CA Paris, Pôle 5 ch. 7, 9 novembre 2010, n° 09-22260

PARIS

Ordonnance

PARTIES

Demandeur :

Louis Gad (Sté)

Défendeur :

Président de l'Autorité de la concurrence

COMPOSITION DE LA JURIDICTION

Président de chambre :

M. Fossier

Avocats :

Mes Moulinas, Quimbert

TGI Paris, JLD, du 9 sept. 2009

9 septembre 2009

Par note du 31 août 2009, la rapporteure générale de l'Autorité de la concurrence a prescrit une enquête, sur proposition du rapporteur désigné, dans le secteur du porc.

Par requête du 8 septembre 2009, la rapporteure générale de l'Autorité de la concurrence a demandé, au JLD du TGI de Paris, l'autorisation de réaliser des opérations de visite et saisie dans les locaux de la société Gad aux fins d'établir si ladite entreprise se livre à des pratiques prohibées par les articles L. 420-1 (1°, 2° et 4°) du Code de commerce et 81-1 du traité instituant la Communauté européenne (devenu article 101-1 du traité sur le fonctionnement de l'Union européenne).

Par ordonnance du 9 septembre 2009, le JLD du TGI de Paris a autorisé la perquisition sollicitée. Il a également donné commission rogatoire au JLD du TGI de Morlaix afin de désigner le chef de service de gendarmerie territorialement compétent et contrôler les opérations de visite et saisie, jusqu'à leur clôture, qui se sont déroulées le 16 septembre 2009.
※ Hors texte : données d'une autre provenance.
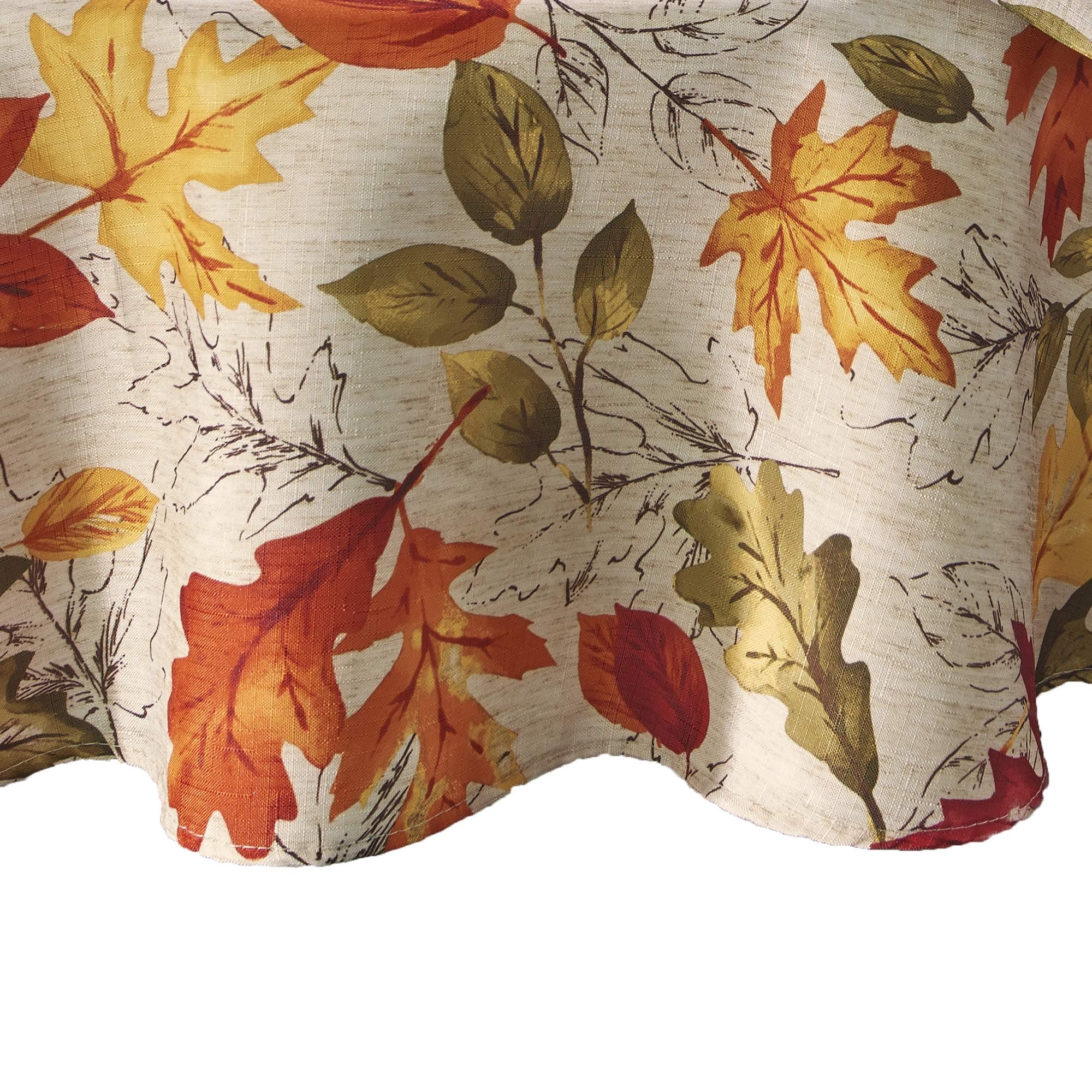 Elrene Home Fashions Autumn Leaves Fall Printed Wrinkle Resistant Tablecloth, Holiday Table Cover for Formal or Everyday Use, 70" Round Autumn Leaves 70" (Round)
Sur le fondement de l'article L. 450-4 alinéa 6 du Code de commerce, qui autorise la contestation de l'autorisation de visite et saisie devant le Premier président la Cour d'appel de Paris, l'appelante demande l'annulation de l'ordonnance d'autorisation du JLD du TGI de Paris du 9 septembre 2009 ainsi que du procès-verbal de visite et de saisie, par voie de conséquence, par des conclusions déposées le 30 septembre 2010 pour l'audience du 5 octobre 2010.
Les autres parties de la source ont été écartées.